→ **Problem to work on**: Should a picture appear anywhere in the data, omit it and copy everything else exactly.

→ **Source data**:

---------------

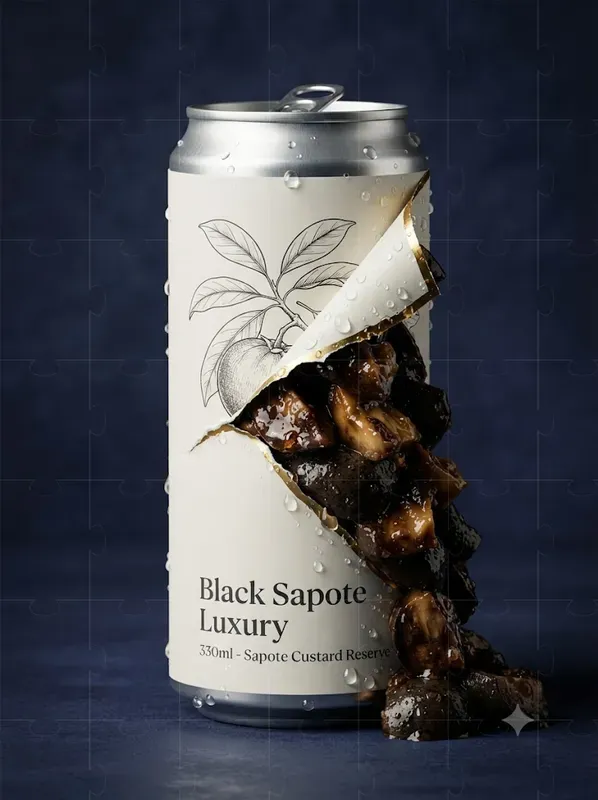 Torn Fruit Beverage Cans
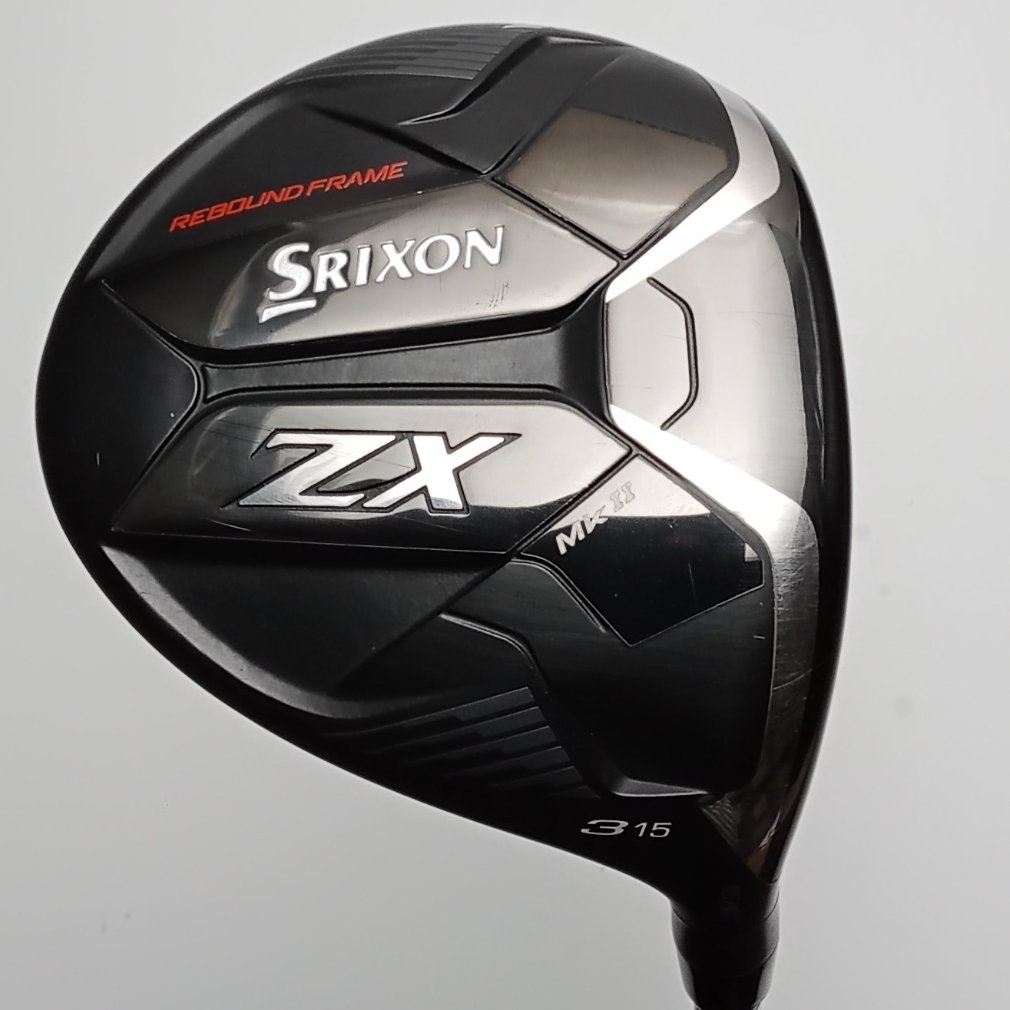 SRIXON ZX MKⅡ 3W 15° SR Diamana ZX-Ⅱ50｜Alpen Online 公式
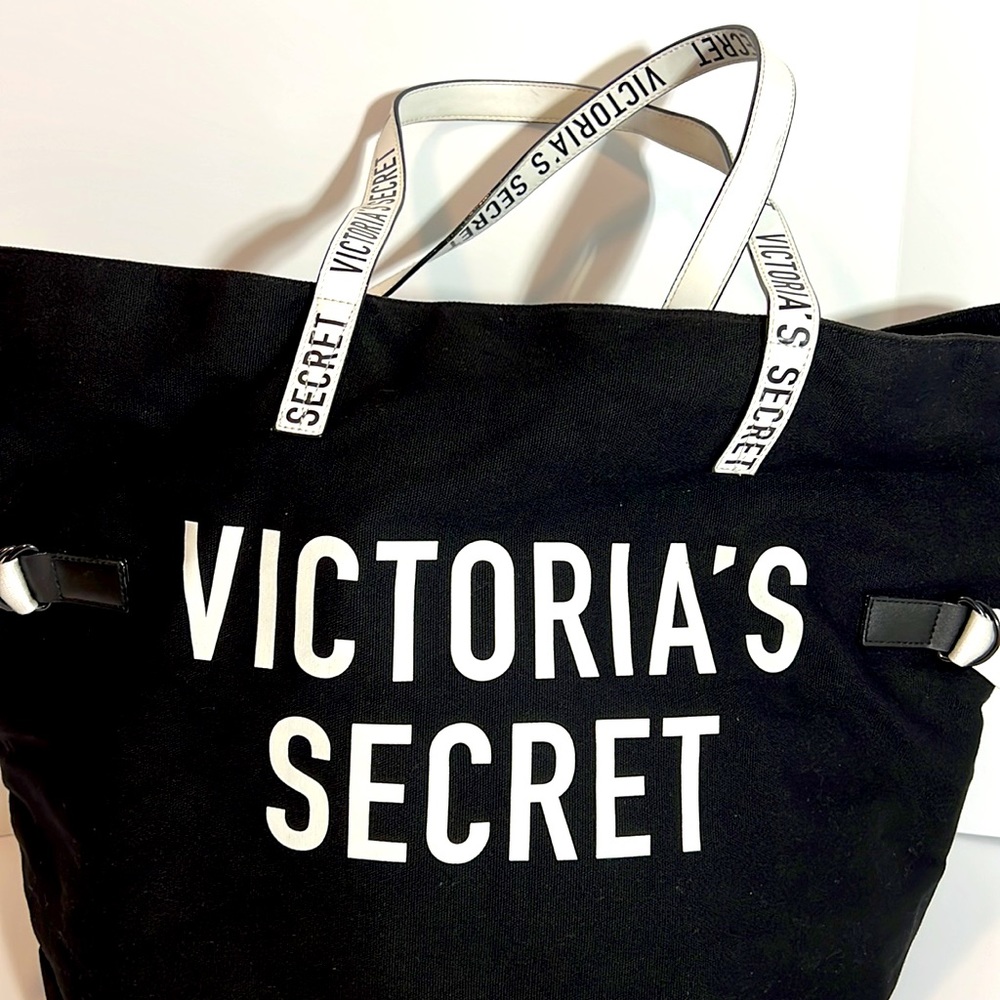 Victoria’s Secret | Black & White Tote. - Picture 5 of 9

---------------

→ **Task output**:
 Torn Fruit Beverage Cans
 SRIXON ZX MKⅡ 3W 15° SR Diamana ZX-Ⅱ50｜Alpen Online 公式
 Victoria’s Secret | Black & White Tote. - Picture 5 of 9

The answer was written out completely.